*** Opening of Given data ***

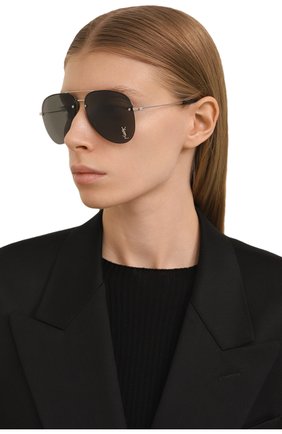 Женские солнцезащитные очки SAINT LAURENT черного цвета, арт. CLASSIC 11 M 007 | Фото 2 (Тип очков: С/з; Оптика Гендер: оптика-женское; Очки форма: Авиаторы)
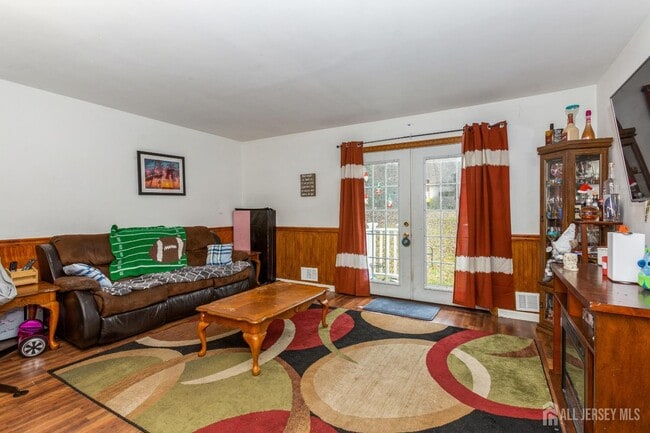 Building Photo - 332 Ernston Rd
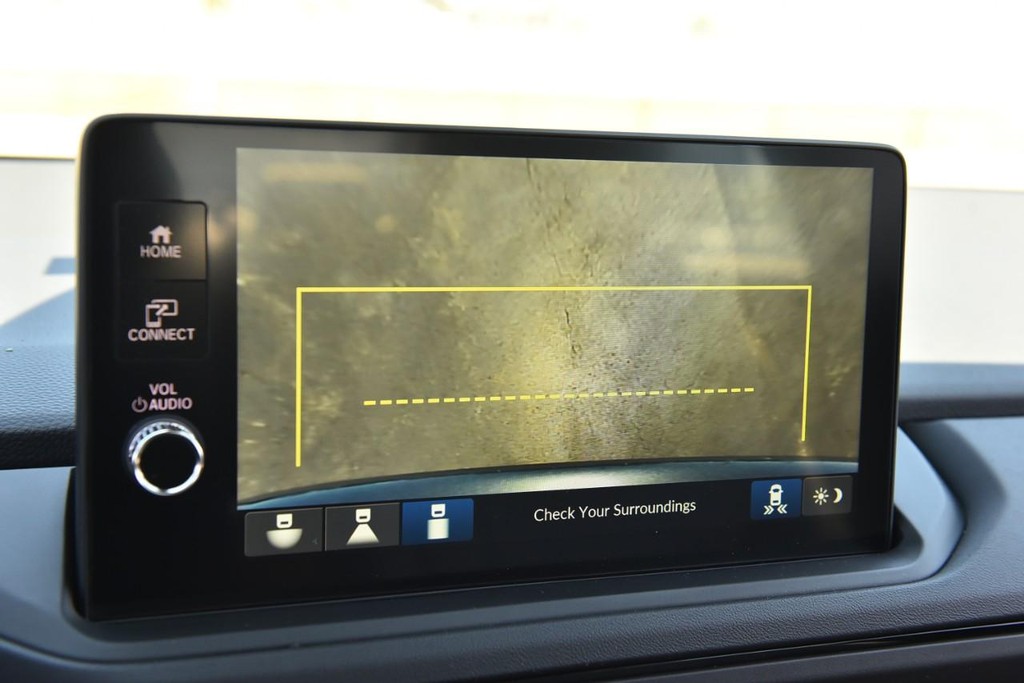 Honda Accord Sedan Vehicle Image 12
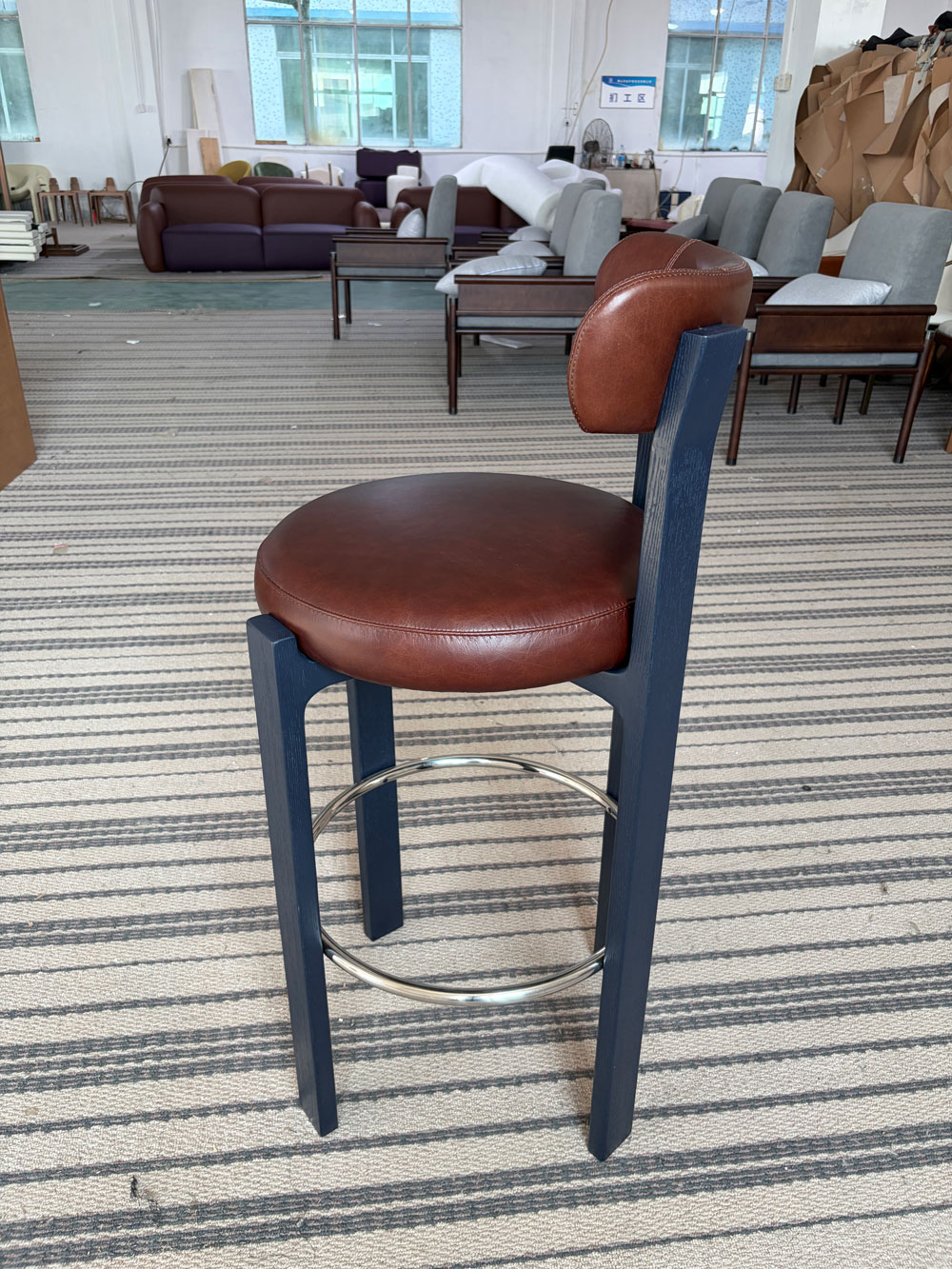 Modern Solid Wood Bar Chair with Upholstered Leather Seat for Hotel Bar (4)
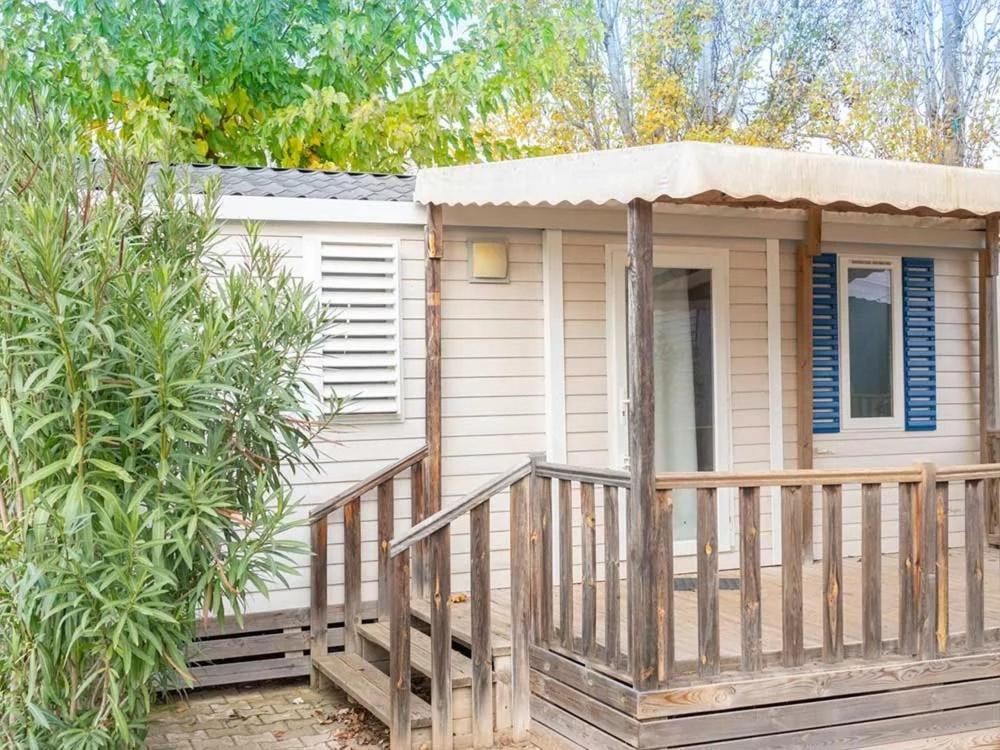 Camping Pleine Mer Hotel Vias Bagian luar foto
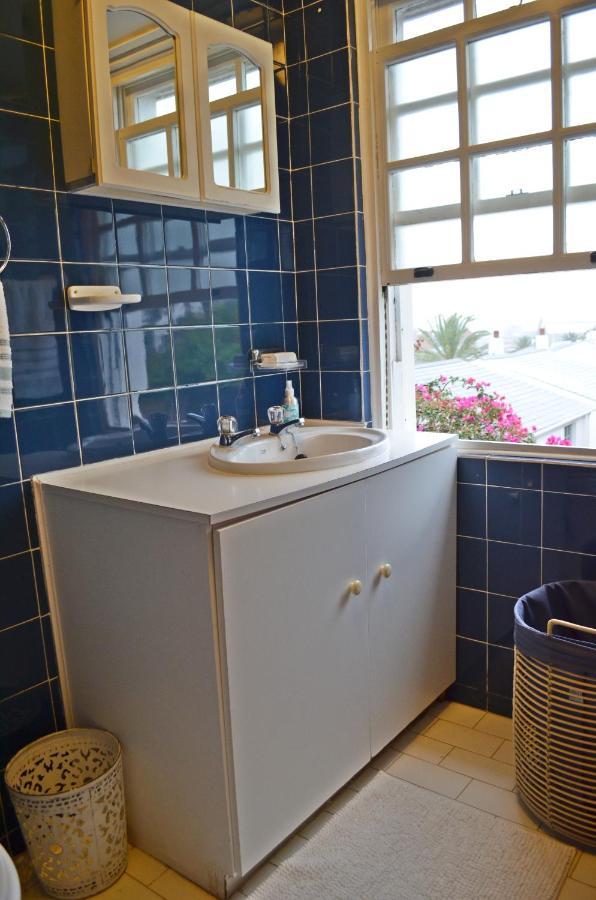 Bougainvillea House - The Heart Of Simonstown *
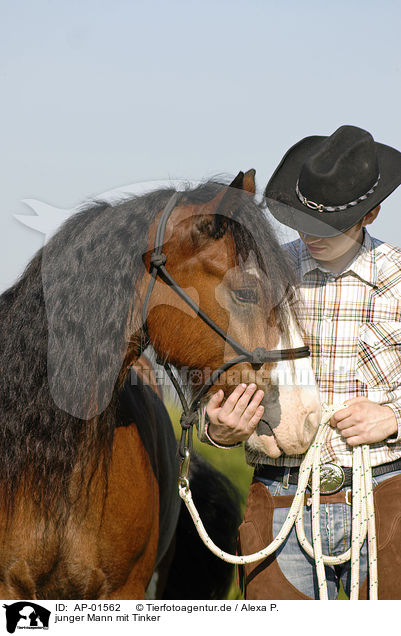 junger Mann mit Tinker / young man with Tinker / AP-01562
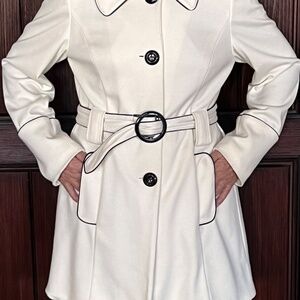 Lightweight  fully lined 3/4  Jacket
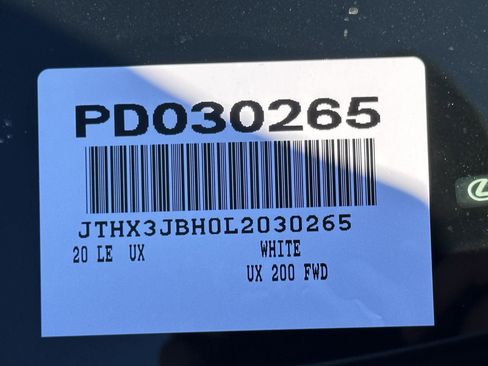 Used 2020 Lexus UX 200 image 15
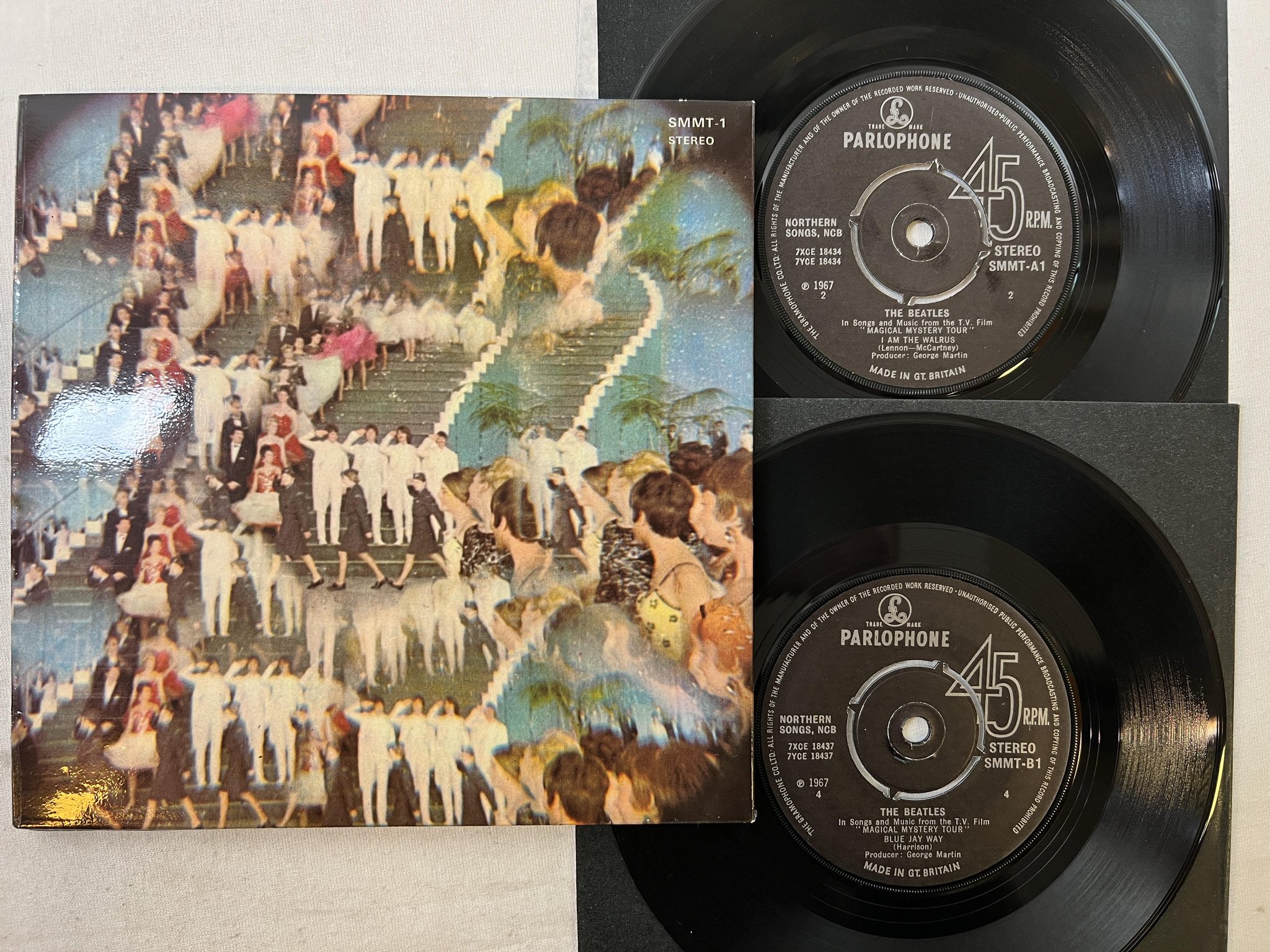 Omslagsbild för skivan THE BEATLES magical mystery tour 2x7" -67 UK PARLOPHONE SMMT-1
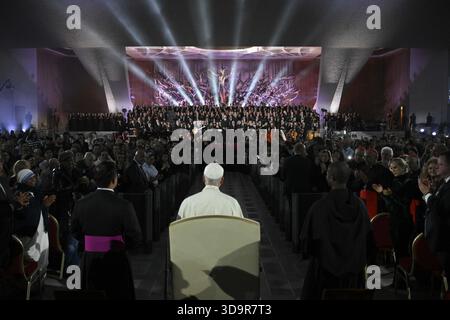 Vatikan, Vatikan. Dezember 2025. **NO LIBRI** Italien, Rom, Vatikan, 2025/12/6 Papst Leo XIV. Nimmt an einem weihnachtskonzert für die Armen im Paul-VI-Saal im Vatikan Teil Foto von VATIKANISCHEN MEDIEN /Katholische Presse Foto: Unabhängige Fotoagentur/Alamy Live News Stockfoto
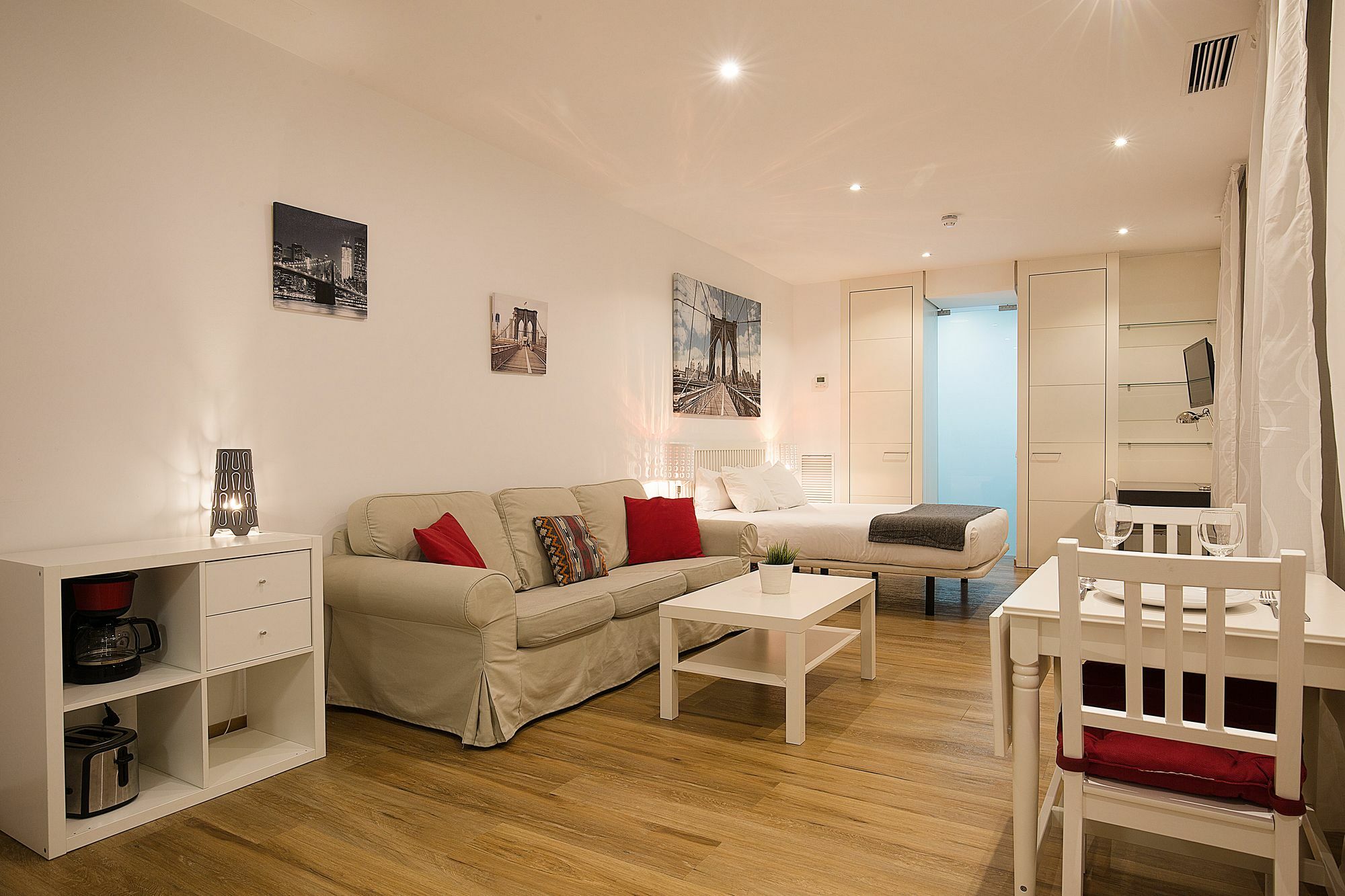 Apartamentos San Lorenzo 26 Madrid Esterno foto
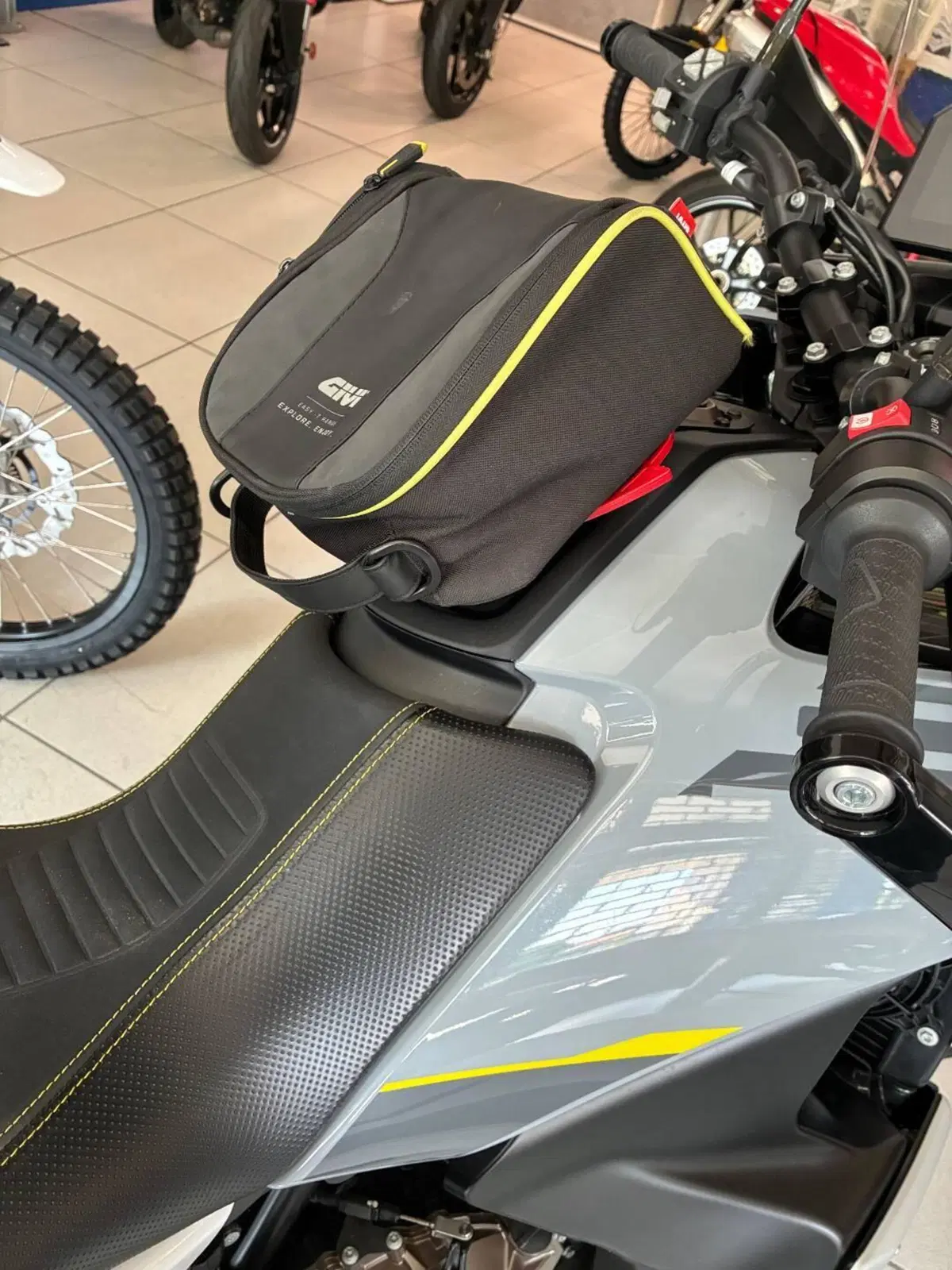 Husqvarna Norden 901 (2022 - 26) (13)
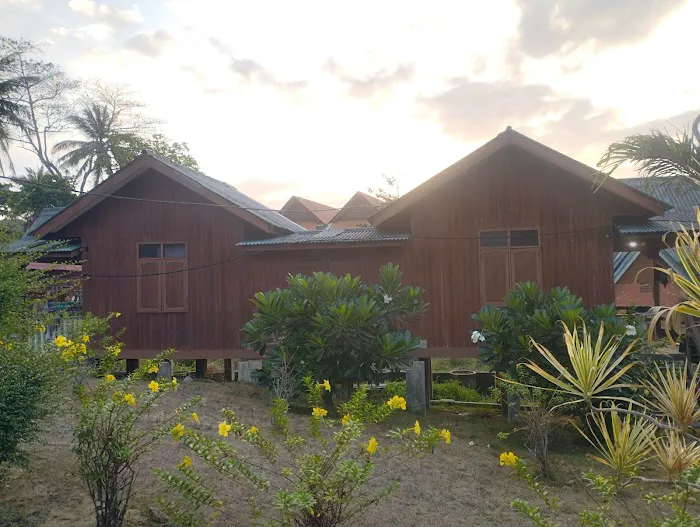 Matahari Chalet Long Beach Picture 4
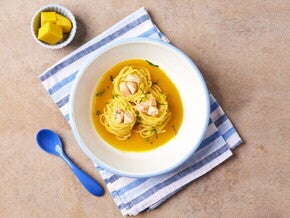 Fideos en salsa de zapallo y pollo con Nestum®
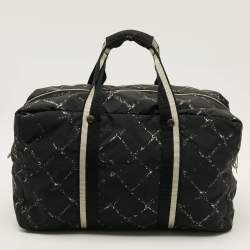 Pre Owned حقيبة دافل شانييل خط السفر مطبوعة مبطنة أسود/أبيض نيلون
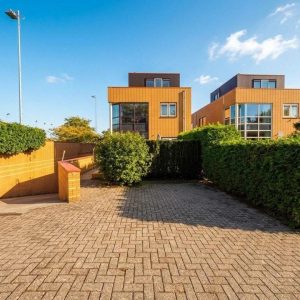 Woning aan de Bovenkerkerweg te Amstelveen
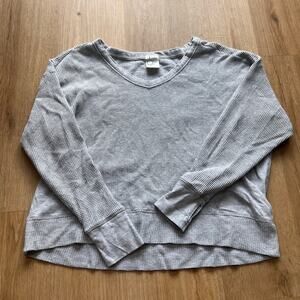 Offline by Aerie Waffle Crewneck Long Sleeve Gray Sweater Sz Small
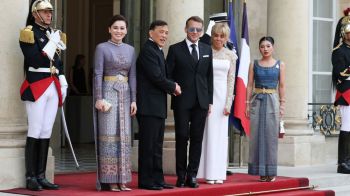 ฝรั่งเศสรับเสด็จยิ่งใหญ่ ร.10-ราชินี ปธน.ถวายเกียรติยศสูงสุด ทูลเกล้าฯเครื่องอิสริยาภรณ์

*** Close of Given data ***

▶ **Work item**
Print exactly the lines above that run from the one with "Modern Solid Wood" down to the one with "Offline by Aerie", and omit the pictures.

▶ **Finished exercise**
 Modern Solid Wood Bar Chair with Upholstered Leather Seat for Hotel Bar (4)
 Camping Pleine Mer Hotel Vias Bagian luar foto
 Bougainvillea House - The Heart Of Simonstown *
 junger Mann mit Tinker / young man with Tinker / AP-01562
 Lightweight  fully lined 3/4  Jacket
 Used 2020 Lexus UX 200 image 15
 Omslagsbild för skivan THE BEATLES magical mystery tour 2x7" -67 UK PARLOPHONE SMMT-1
 Vatikan, Vatikan. Dezember 2025. **NO LIBRI** Italien, Rom, Vatikan, 2025/12/6 Papst Leo XIV. Nimmt an einem weihnachtskonzert für die Armen im Paul-VI-Saal im Vatikan Teil Foto von VATIKANISCHEN MEDIEN /Katholische Presse Foto: Unabhängige Fotoagentur/Alamy Live News Stockfoto
 Apartamentos San Lorenzo 26 Madrid Esterno foto
 Husqvarna Norden 901 (2022 - 26) (13)
 Matahari Chalet Long Beach Picture 4
 Fideos en salsa de zapallo y pollo con Nestum®
 Pre Owned حقيبة دافل شانييل خط السفر مطبوعة مبطنة أسود/أبيض نيلون
 Woning aan de Bovenkerkerweg te Amstelveen
 Offline by Aerie Waffle Crewneck Long Sleeve Gray Sweater Sz Small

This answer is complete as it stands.